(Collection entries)
━━━━━━━━━━

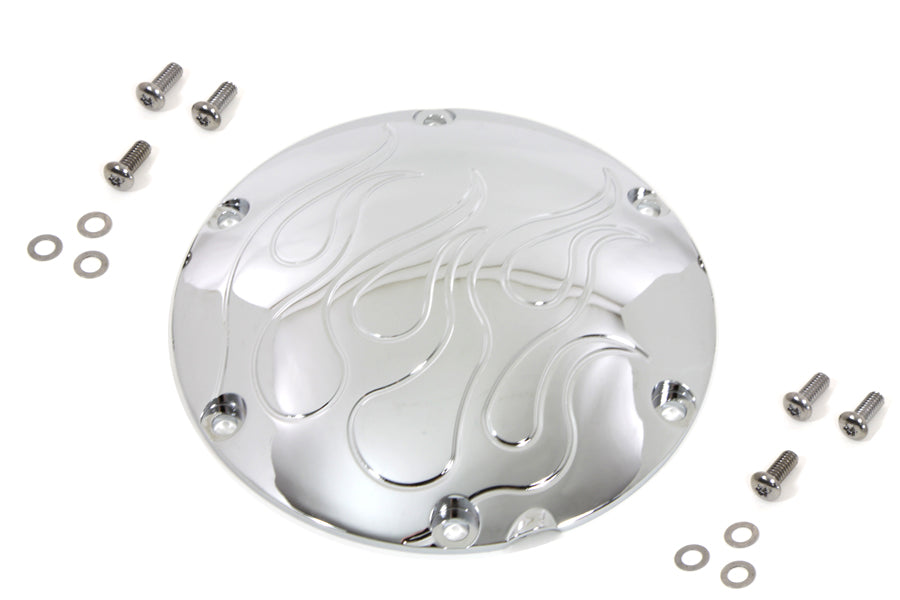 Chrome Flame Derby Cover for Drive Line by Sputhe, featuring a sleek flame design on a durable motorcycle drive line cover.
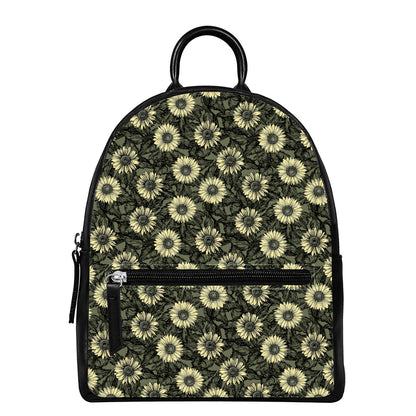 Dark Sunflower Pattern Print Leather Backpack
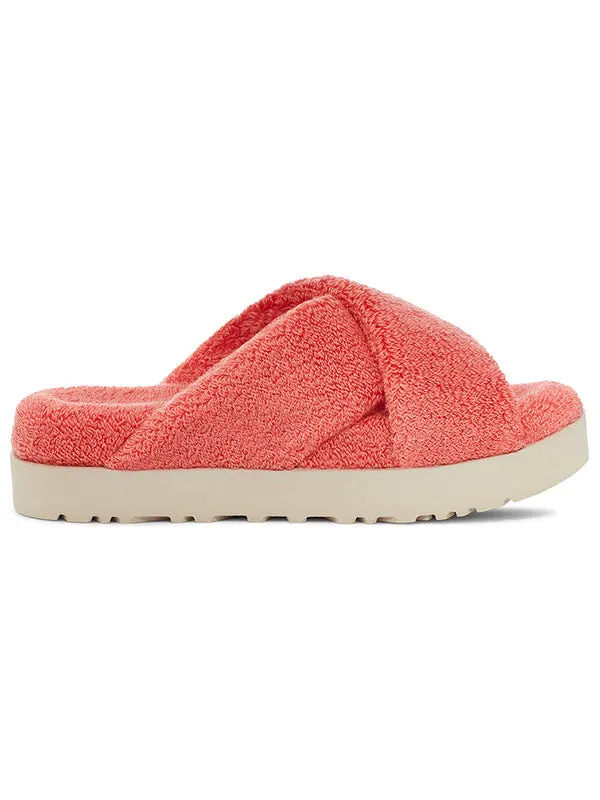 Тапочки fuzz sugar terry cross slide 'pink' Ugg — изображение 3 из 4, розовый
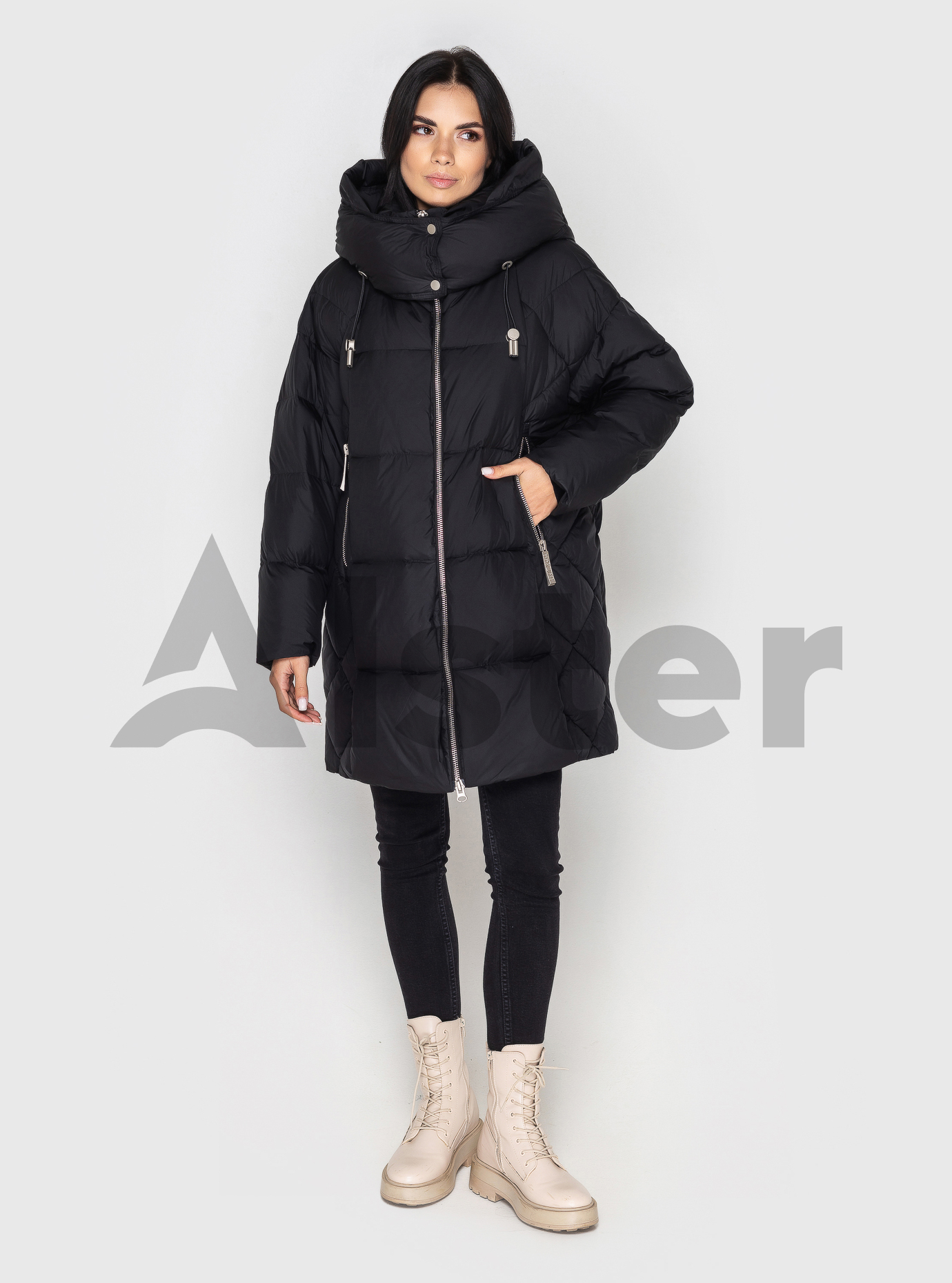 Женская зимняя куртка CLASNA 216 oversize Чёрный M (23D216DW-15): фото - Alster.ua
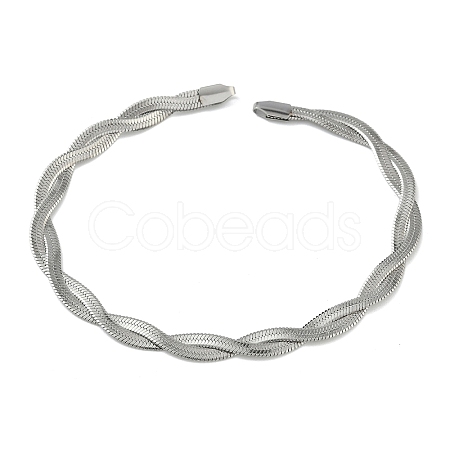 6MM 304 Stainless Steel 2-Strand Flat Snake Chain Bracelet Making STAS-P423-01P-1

━━━━━━━━━━

▸ **TASK REQUIREMENTS**: Print every record above exactly as written, leaving out the pictures.

▸ **RESPONSE AREA**:
 Chrome Flame Derby Cover for Drive Line by Sputhe, featuring a sleek flame design on a durable motorcycle drive line cover.
 Dark Sunflower Pattern Print Leather Backpack
 Тапочки fuzz sugar terry cross slide 'pink' Ugg — изображение 3 из 4, розовый
 Женская зимняя куртка CLASNA 216 oversize Чёрный M (23D216DW-15): фото - Alster.ua
 6MM 304 Stainless Steel 2-Strand Flat Snake Chain Bracelet Making STAS-P423-01P-1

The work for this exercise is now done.